= Work to be completed =
Reproduce the records exactly. Leave the pictures out.

= Material for this task =

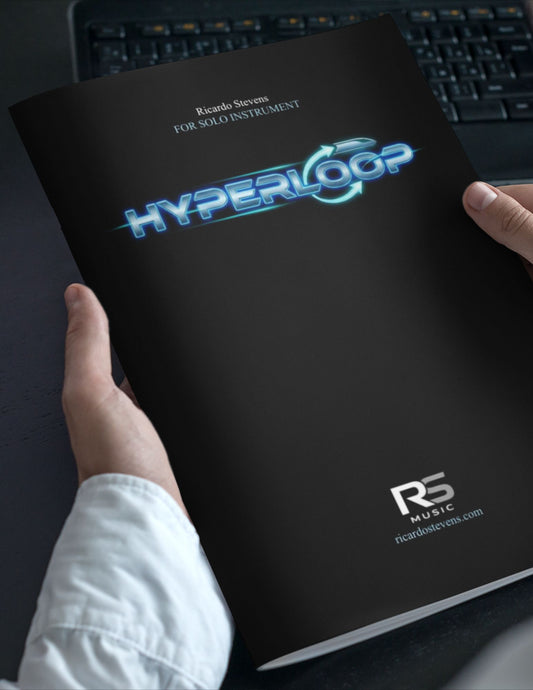 Hyperloop (Flute)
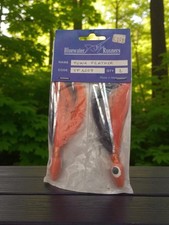 Vintage accessoire pêche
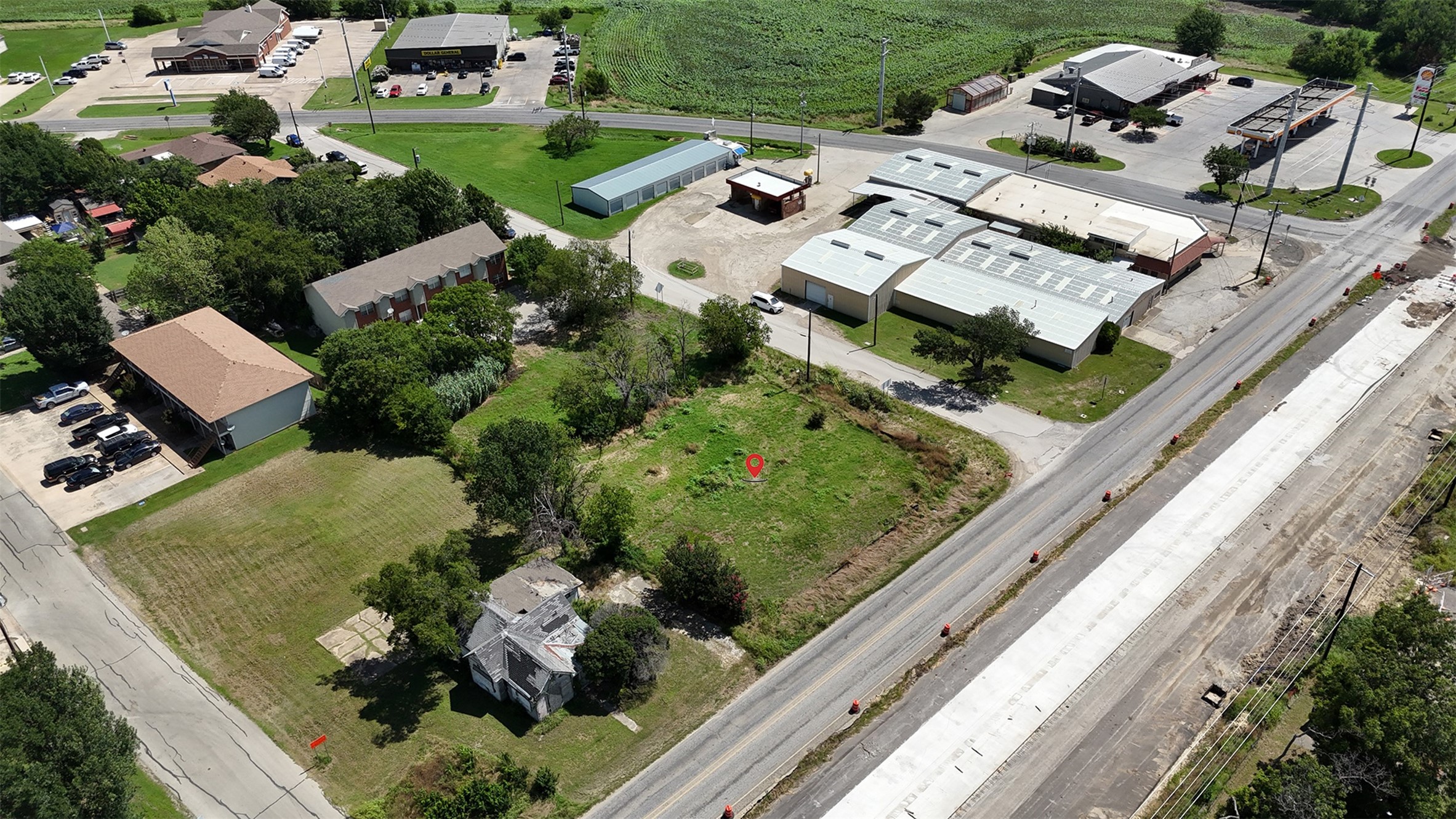 Commercial Sale in Sanger 5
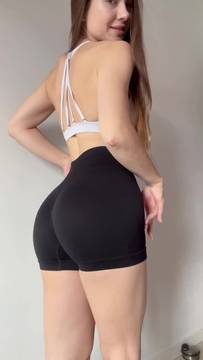 Adult Video yourlittleangel in Assjob and Solo Sexy Brunette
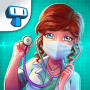 icon Hospital Dash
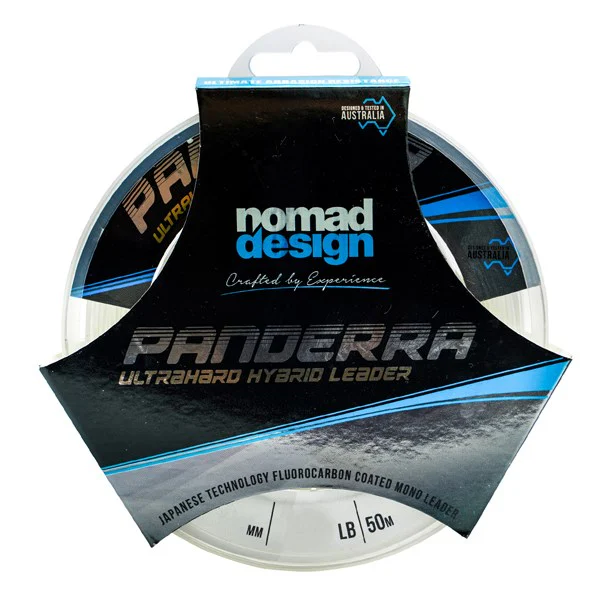 Nomad Panderra Hybrid Leader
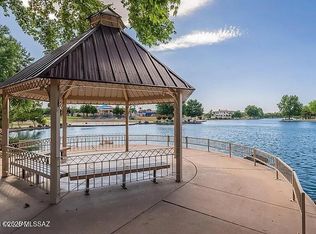 13798 S Camino Acelga, Sahuarita, AZ 85629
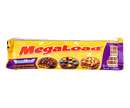 Megaload Caramel Crunch Cups - King Size (70g) - Candy Bouquet of St. Albert
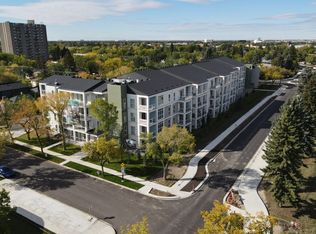 11350 128th St NW #BERYLLIUM, Edmonton, AB T5M 2T1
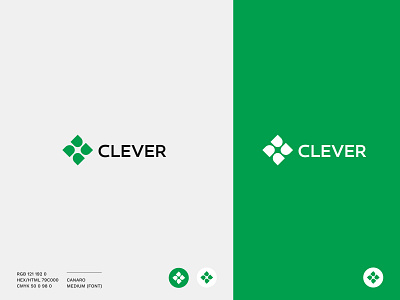 Clever Logotype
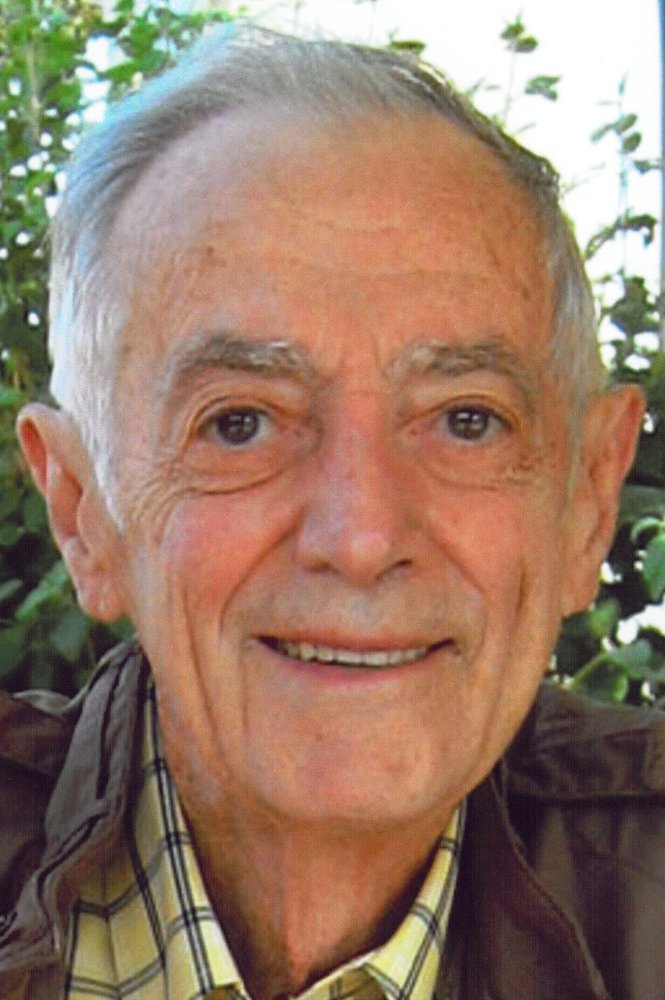 Donald Bersano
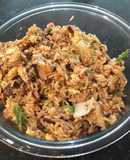 Pork Fried Rice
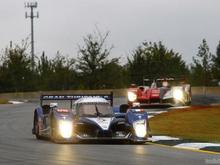 Peugeot 908 Petit Lemans 2010 8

= Solution below =
 Hyperloop (Flute)
 Vintage accessoire pêche
 Commercial Sale in Sanger 5
 Adult Video yourlittleangel in Assjob and Solo Sexy Brunette
 icon Hospital Dash
 Nomad Panderra Hybrid Leader
 13798 S Camino Acelga, Sahuarita, AZ 85629
 Megaload Caramel Crunch Cups - King Size (70g) - Candy Bouquet of St. Albert
 11350 128th St NW #BERYLLIUM, Edmonton, AB T5M 2T1
 Clever Logotype
 Donald Bersano
 Pork Fried Rice
 Peugeot 908 Petit Lemans 2010 8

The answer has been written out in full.